There is a debate going on at the moment, largely amongst educationalists, about whether to treat students as consumers or "partners in a learning community". It's a debate which appears to have no easy resolution, but on the ground - in campuses across the UK - it also appears to be increasingly irrelevant. Students are behaving more like consumers every year, pushing Universities to behave more like businesses.

In Bristol last month 600 business and finance students presented University officials with a seven page complaint, voicing their frustration at the lack of improvement in teaching since tuition fees were raised in 2006. Standards, they suggest, have in fact deteriorated: “Since 2006 the university has charged more and
delivered less. We demand results today.”

With teaching hours being reduced and even talk of undergraduates marking papers, student bodies are increasingly dissatisfied with what their getting for their money. Students in Manchester forced the Law School to reverse plans to cut teaching hours from 30 to 20 per module, staging a sit-in and mass walk out to hammer their point home. The University of Sussex's student union is leading an effective consumer orientated campaign to prevent the closure of the linguistic courses. Complaints to the university adjudicator rose by 23 per cent between 2007 and 2008, reflecting, in the words of the adjudicator, "a 'cultural change', with fee-paying students wanting more value for money".

Why is any of this relevant to 'better government'? It isn't, directly. But it provides a window onto two issues that do weigh into our debates on better government. For one, these student 'revolts' reflect a much more fundamental problem with the way further education is structured and funded in England and Wales. Students are rightly aggrieved by plans to cut teaching hours, burdening themselves as they are with mountains of debt to afford it. But Universities are certainly in a financial pinch. £3,000, for many courses, doesn't begin to cover the costs, and Higher Education funding from Government, married as it is to the commitment to get ever more people into university, becomes increasingly thinly spread. Universities are certainly guilty of some poor financial management, and sometimes even an ulterior motive (increasing research at the expense of teaching), but the reality is money is short.

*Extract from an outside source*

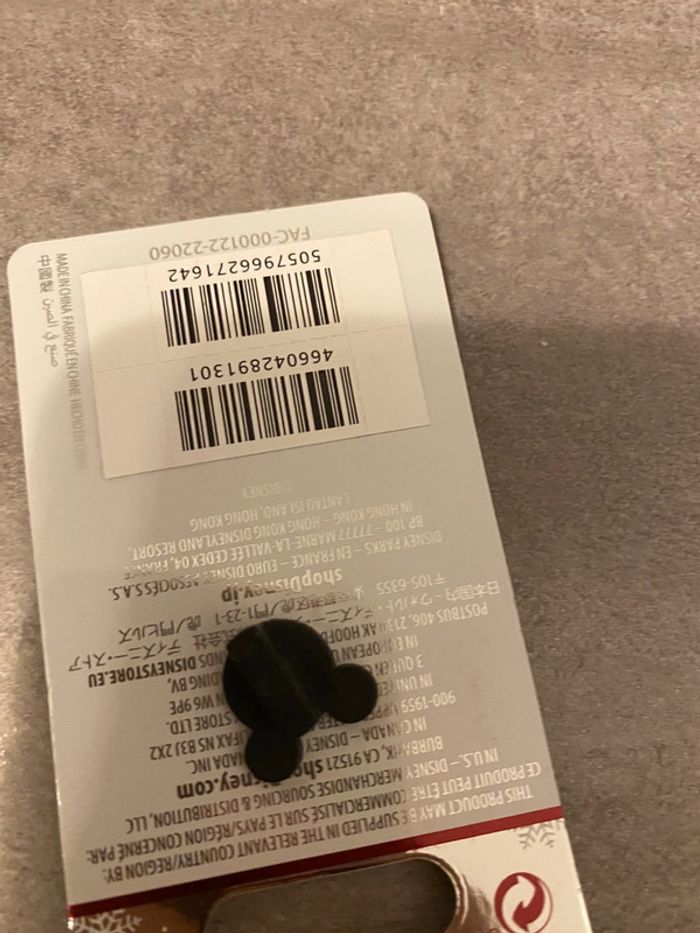 Pin's disney legacy bambi - photo numéro 2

But it's the confusion between whether higher education is a 'right' or a 'privilege' , something we all should enjoy or something we must pay for, which has led - once again - to an unsustainable fudge, the compromise between 'private-public' we see today. A university education is something all should aspire to, and Government should work assiduously to foster that aspiration and support those in society who are unable to afford it. Universities though, should be also allowed to charge properly, perhaps no more than the actual cost (i.e not for profit), but at least a market rate that reflects the costs. At the moment the Government's confusion, torn between a faux egalitarianism and economic reality, means no-one's happy. 

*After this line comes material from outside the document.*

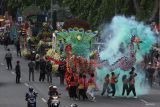 Warga menyaksikan Kirab Maskot Pilkada Serentak Tahun 2024 Se-Jawa Timur di Surabaya, Jawa Timur, Rabu (23/10/2024). KPU Jawa Timur menggelar kegiatan yang diikuti 38 kendaraan hias serta maskot Pilkada 2024 dari 38 kabupaten/kota di Jawa Timur untuk mengajak masyarakat menggunakan hak pilihnya pada Pilkada 2024 yang digelar 27 November 2024. Antara Jatim/Didik Suhartono/um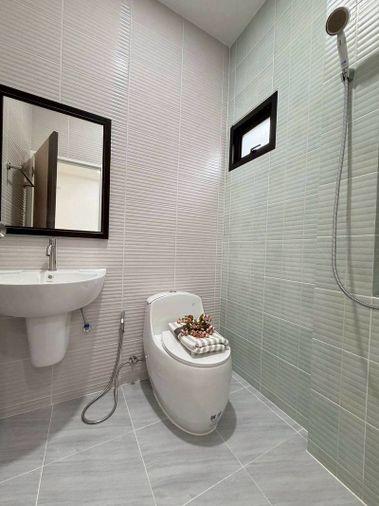 รูป บ้านเดี่ยวมือ 1 สร้างใหม่ ใกล้โลตัสใหญ่ศรีราชา ชลบุรี เดินทางสะดวก - รูปที่ 11/15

The second issue highlighted by this recent spate of student action, is the idea that groups take a much more proactive interest in the quality of a service when they pay for it. When one gets something for free, one doesn't expect much. One pays for something, one expects a little more. Services funded via taxation, particuarly services such as further education - which are almost exclusively used by people who pay no tax - suffer from the fact that too many people are happy to make do with what they get becuase it does'nt directly cost them. The real cost of the service they enjoy is hidden from them. When that cost is brought home, as tuition fees have, students have sat up and taken an interest in quality. Rather than organising a sit in to show solidarity with the people of Gaza - however laudable - students are demanding the education they (and we) are paying for. Having an active consumer base is long overdue in the university sector; long may it continue.